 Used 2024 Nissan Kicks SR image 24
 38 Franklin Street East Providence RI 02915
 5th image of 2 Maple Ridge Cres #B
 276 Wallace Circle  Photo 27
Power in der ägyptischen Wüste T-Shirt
________
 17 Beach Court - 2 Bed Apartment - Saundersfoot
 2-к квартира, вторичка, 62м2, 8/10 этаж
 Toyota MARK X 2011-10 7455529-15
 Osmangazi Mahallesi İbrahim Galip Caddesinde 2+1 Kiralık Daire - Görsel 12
________
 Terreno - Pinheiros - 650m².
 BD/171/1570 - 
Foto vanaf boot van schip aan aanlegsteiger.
________
ABOUT THIS TASK: Above are the records; print exactly the lines from the line with "38 Franklin Street East Providence RI 02915" to the line with "Power in der ägyptischen Wüste T-Shirt", including both, and nothing else.

ANSWER SECTION:
 38 Franklin Street East Providence RI 02915
 5th image of 2 Maple Ridge Cres #B
 276 Wallace Circle  Photo 27
Power in der ägyptischen Wüste T-Shirt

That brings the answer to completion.